__WHAT YOU HAVE TO DO__. May I please have every record restated word for word, with the images left out?

__DATASET EXCERPTS__.
++++++++++

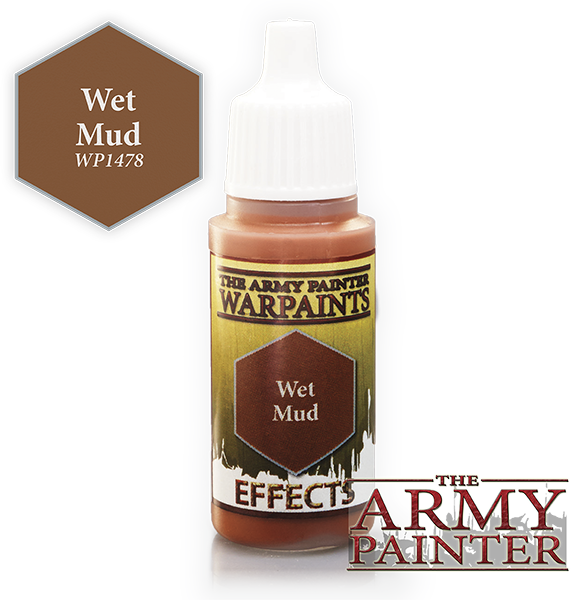 The Army Painter - WP1478 - Wet Mud - 18ml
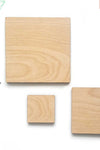 UV Printing Wood Square 3/16" Thick (Package.Price)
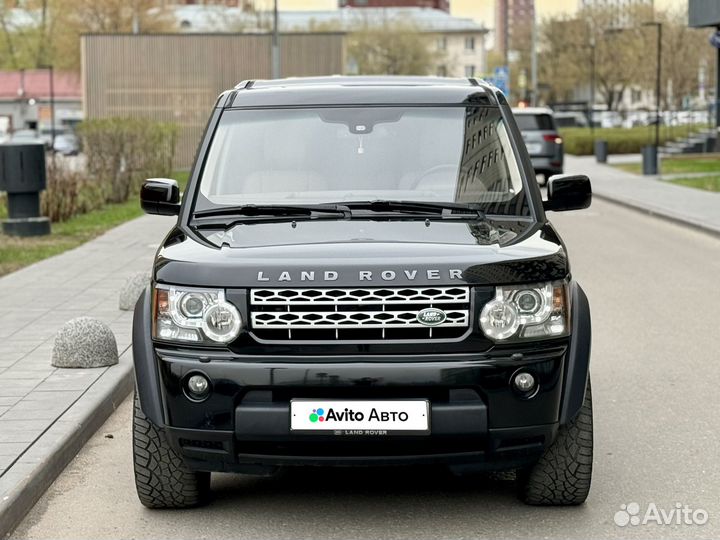 Land Rover Discovery 2.7 AT, 2010, 194 175 км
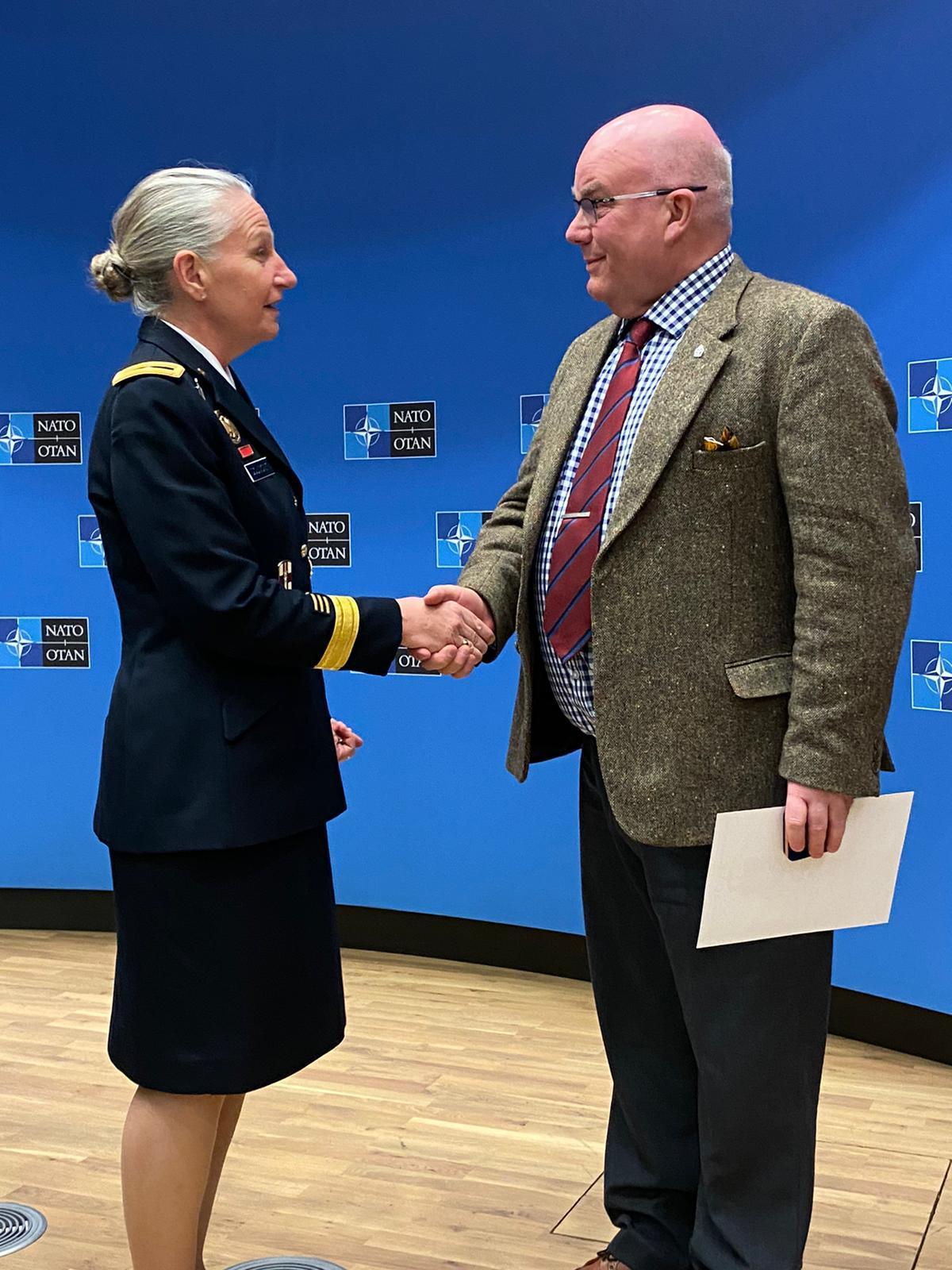 NATO Partners Come Together Again To Discuss Global Medical Challenges 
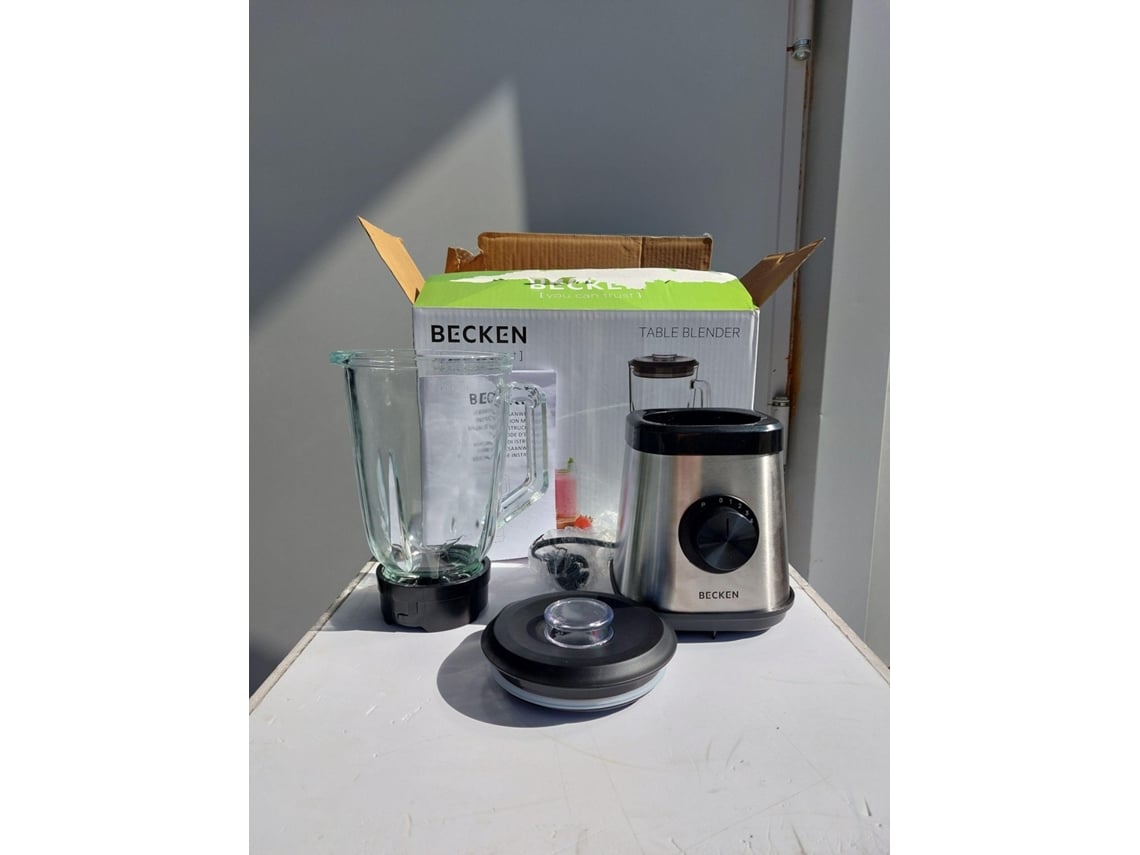 Liquidificador BECKEN BTB9668 (Outlet Caixa Aberta - 1000W - 1.5 L - Inox)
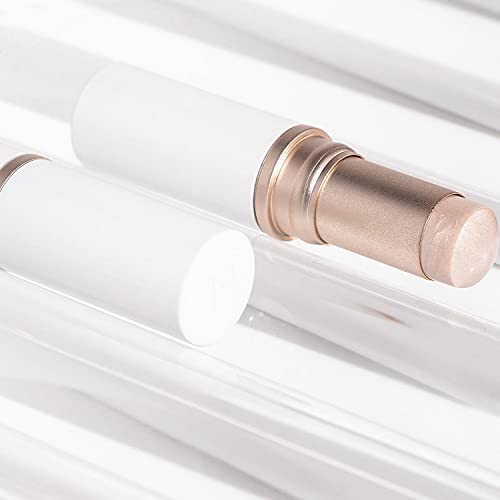 Hince True Dimension Radiance Balm 10g - Natural Shimmer Glow Face Highlighter Stick Glow Balm Korean Blush Transparent Color Skin Tone Slim Fitting T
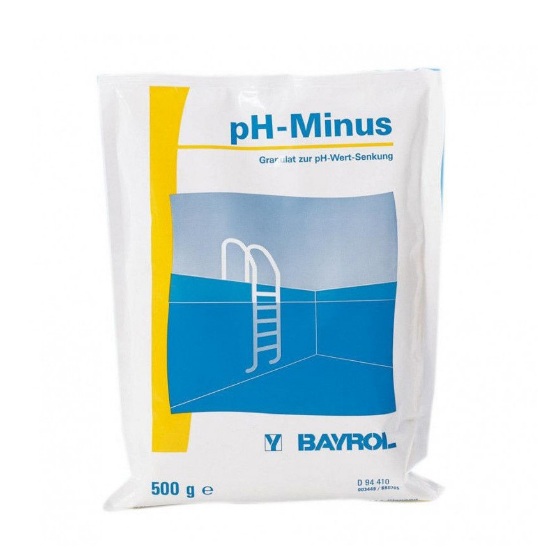 картинка Ph-минус Bayrol для регулирования Ph воды (0,5 кг), (химия для бассейна) от магазина АСЯ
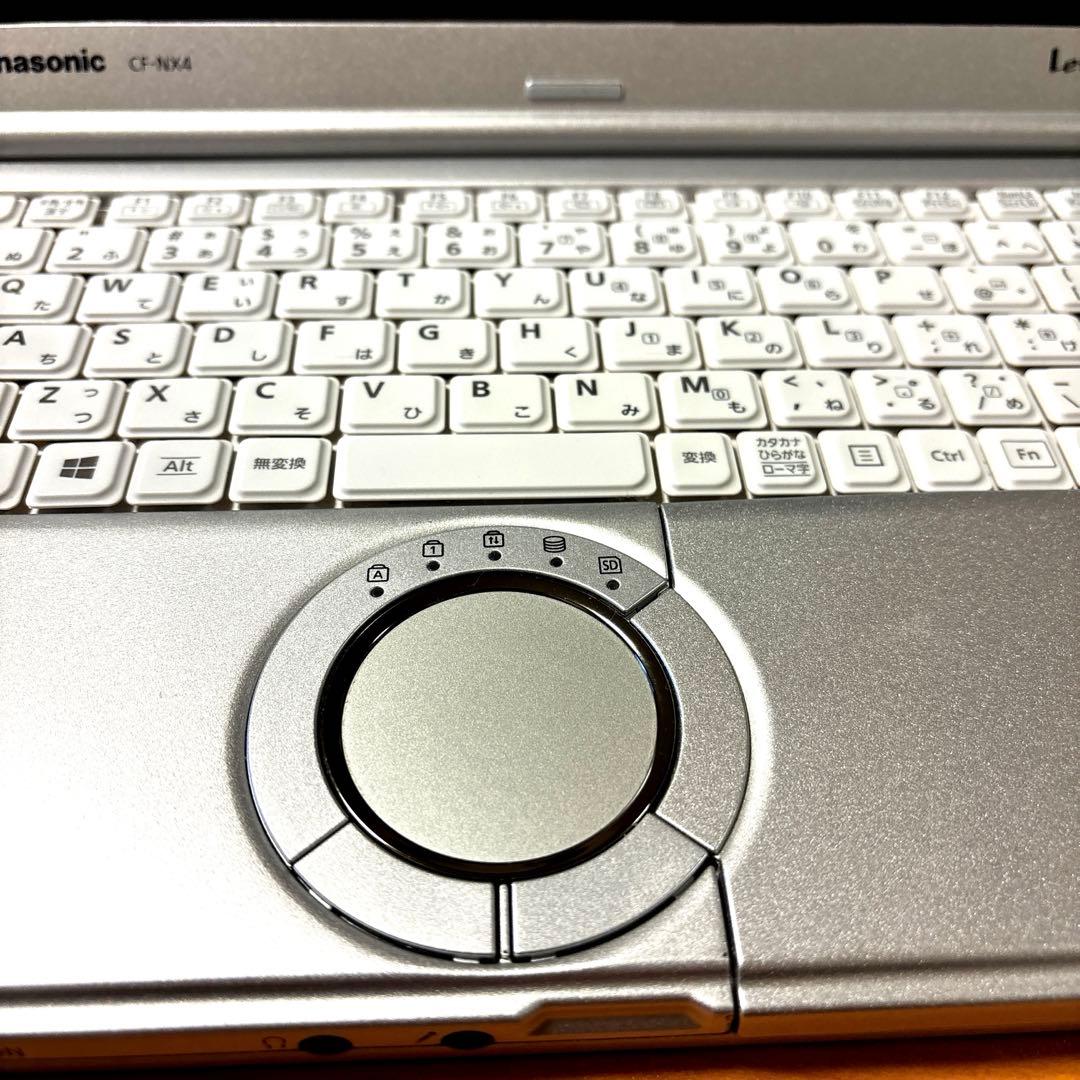 CF-NX4 i5,8M,SSD250G,★拡張バッテリーパック,★純正電源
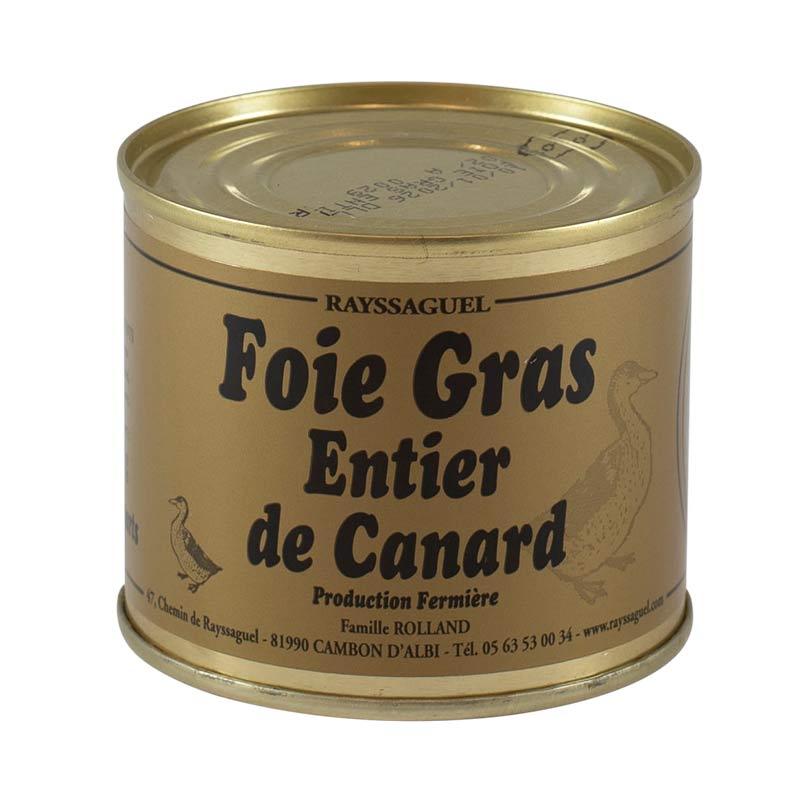Foie gras de canard entier mi-cuit 200g - Prohadis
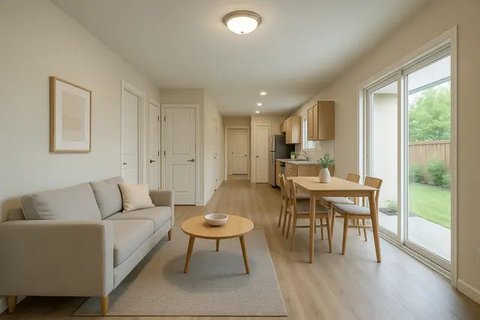 5 Desain Rumah Sederhana 1 Lantai dengan 2 Kamar Tidur, Inspirasi Hunian 2025 untuk Lahan Terbatas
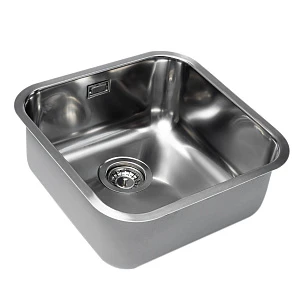 Мойка кухонная Grandex Aqua Select 200333 44,5х44,5 см, сатин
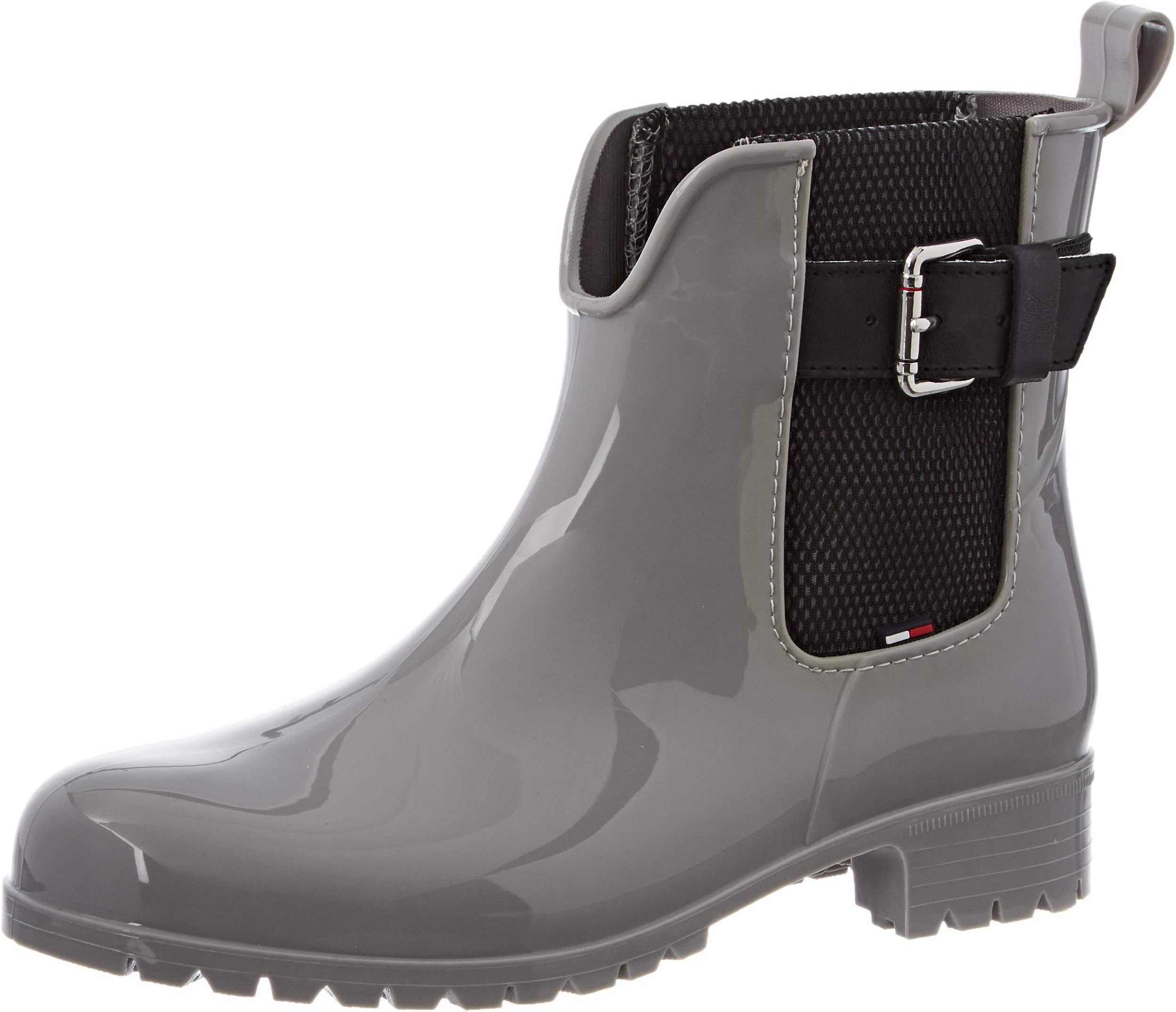 Tommy Hilfiger Women's Cool Tommy Ribbon Rainboot Wellington Boots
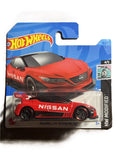 Hot Wheels HKH86 - Nissan Leaf Nismo RC_02 - short Card - 2023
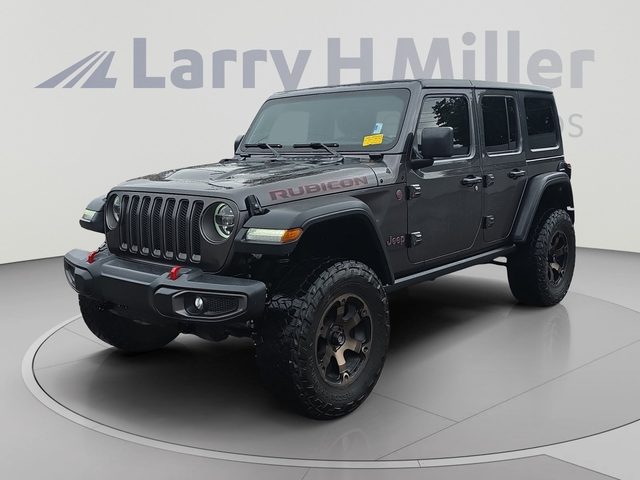 2018 Jeep Wrangler Unlimited Rubicon 4WD photo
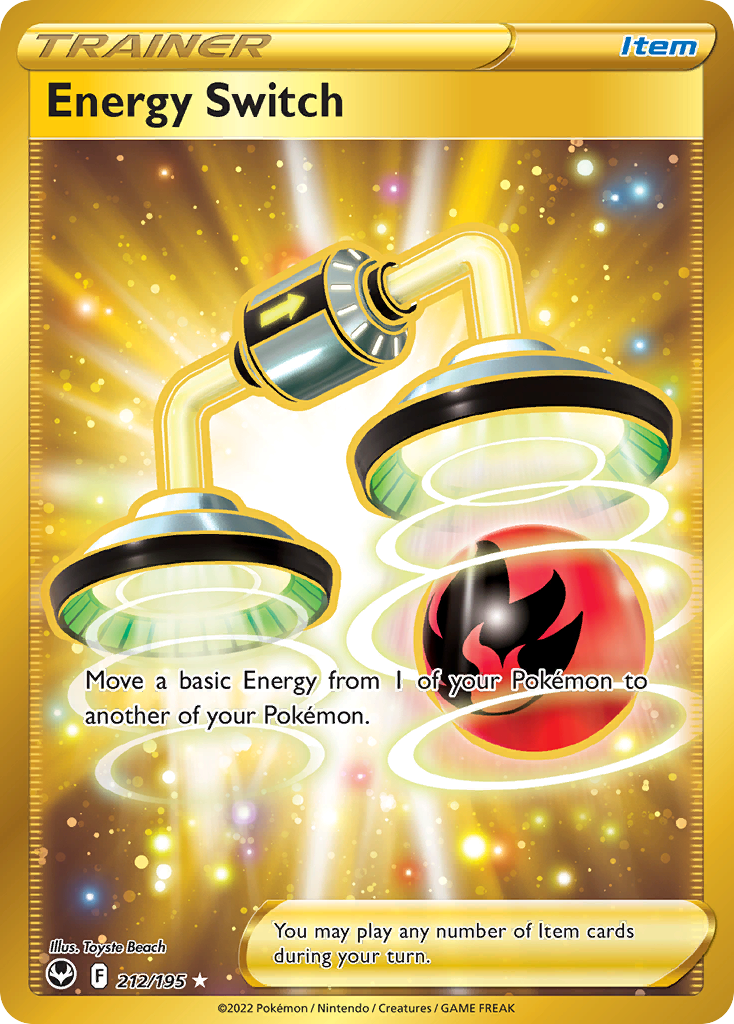 Silver Tempest Energy Switch #212/195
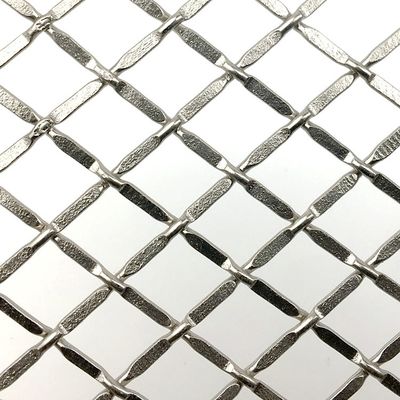 Mái lưới sợi trang trí được đánh bóng 0.5-2mm Độ dày thân thiện với môi trường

++++++++++

__REPLY__.
 The Army Painter - WP1478 - Wet Mud - 18ml
 UV Printing Wood Square 3/16" Thick (Package.Price)
 Land Rover Discovery 2.7 AT, 2010, 194 175 км
 NATO Partners Come Together Again To Discuss Global Medical Challenges 
 Liquidificador BECKEN BTB9668 (Outlet Caixa Aberta - 1000W - 1.5 L - Inox)
 Hince True Dimension Radiance Balm 10g - Natural Shimmer Glow Face Highlighter Stick Glow Balm Korean Blush Transparent Color Skin Tone Slim Fitting T
 картинка Ph-минус Bayrol для регулирования Ph воды (0,5 кг), (химия для бассейна) от магазина АСЯ
 CF-NX4 i5,8M,SSD250G,★拡張バッテリーパック,★純正電源
Foie gras de canard entier mi-cuit 200g - Prohadis
 5 Desain Rumah Sederhana 1 Lantai dengan 2 Kamar Tidur, Inspirasi Hunian 2025 untuk Lahan Terbatas
 Мойка кухонная Grandex Aqua Select 200333 44,5х44,5 см, сатин
 Tommy Hilfiger Women's Cool Tommy Ribbon Rainboot Wellington Boots
 Hot Wheels HKH86 - Nissan Leaf Nismo RC_02 - short Card - 2023
 2018 Jeep Wrangler Unlimited Rubicon 4WD photo
 Silver Tempest Energy Switch #212/195
 Mái lưới sợi trang trí được đánh bóng 0.5-2mm Độ dày thân thiện với môi trường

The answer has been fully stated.